The state fish of Connecticut, the shad, is a small, bony creature that residents cook by nailing to planks in front of a fire.
Small and bony fish don’t normally become beloved seafood staples, but the shad entered Connecticut culture through sheer ubiquity. In New England’s colonial days, swarms of shad annually swam from the North Atlantic to mating areas upriver. Each spring, farmers left their crops, easily caught shad in nets, and cooked them on planks—a method Native Americans taught them.
The bounty was a blessing, except when it wasn’t. Prisoners revolted against being fed shad every day, and one 19th-century story describes the shad as the devil’s creation. A single fillet contains around 1,000 minuscule bones, and the laborious deboning process helps explain the shad’s bad rap and its working-class association that persisted through the 19th century.
But in the late 1800s, the fish underwent a major rebranding.
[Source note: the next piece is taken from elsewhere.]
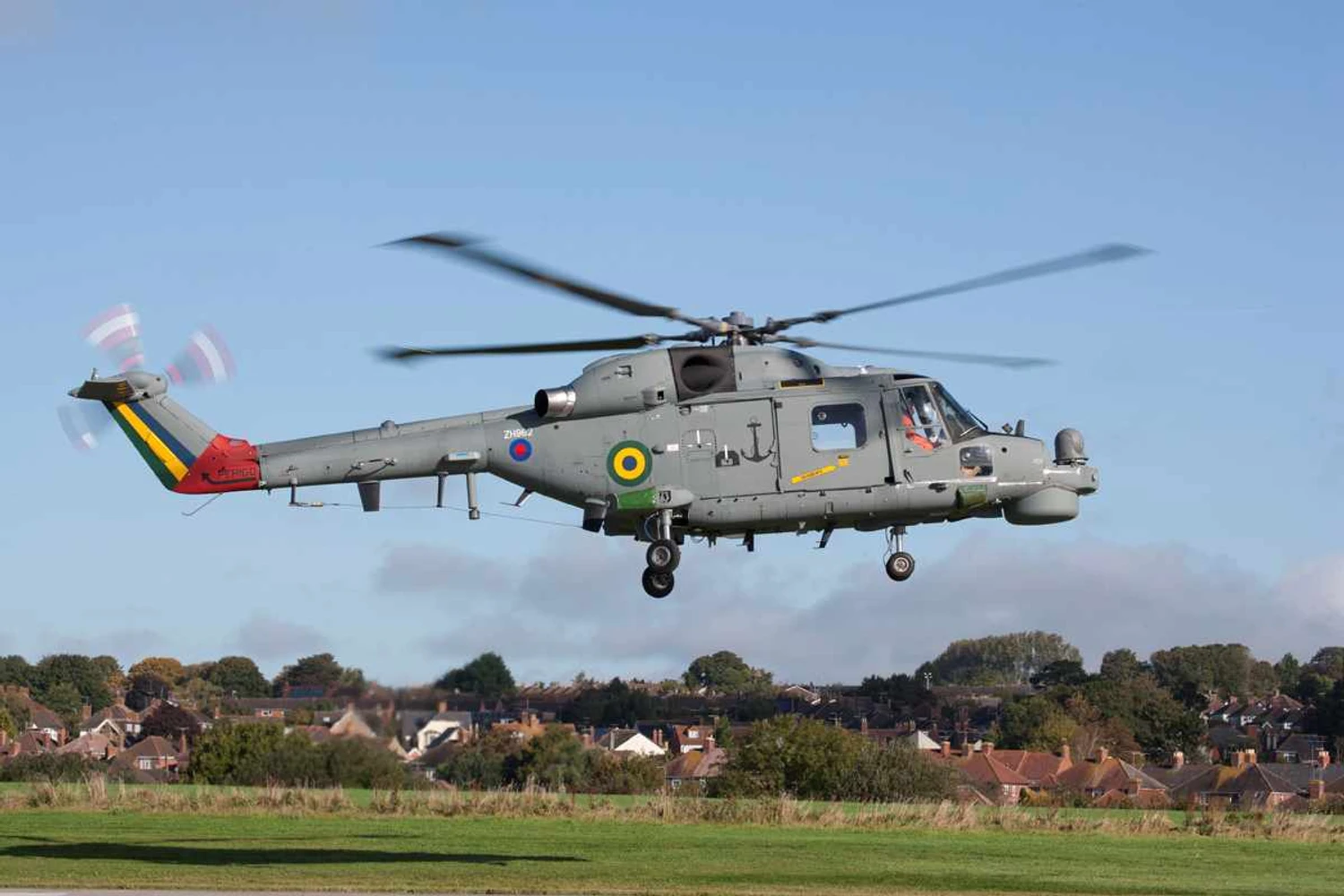 Um modelo Westland Super Lynx da Marinha do Brasil; frota foi atualizada recentemente pela Leonardo (MB)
Appealing to the burgeoning middle class’s newfound interest in travel and Americana, marketers advertised the shade bake as a quintessential springtime event. Shad bakes took off in New England and mid-Atlantic states, although Connecticut residents have been most vocal about claiming it as their own. While the same surplus of shad hardly exists today, shad is still available in seafood markets from May through roughly mid-June, and a huge annual shad bake in Essex, Connecticut, has been a local source of pride for decades.
The first step to a successful shad bake is skillful use of a boning knife. Once the fish are deboned, organizers nail the butterflied fillets to planks planted in a circle surrounding hot coals. Angling the planks just right allows the shad to release excess oil, and the planks—which are usually hickory, oak, or cedar—impart flavor and cook the shad through in a way that doesn’t require flipping.
When the shad is ready, a grill-master shouts “board!” and helpers remove them from the fire. Cooks often add a dash of paprika, olive oil, and bacon. Otherwise shad is eaten as is, in all of its smoky, crusty glory. Detractors complain about the bones, but the fish’s Latin name, Alosa sapidissima, means “savory” or “most delicious.”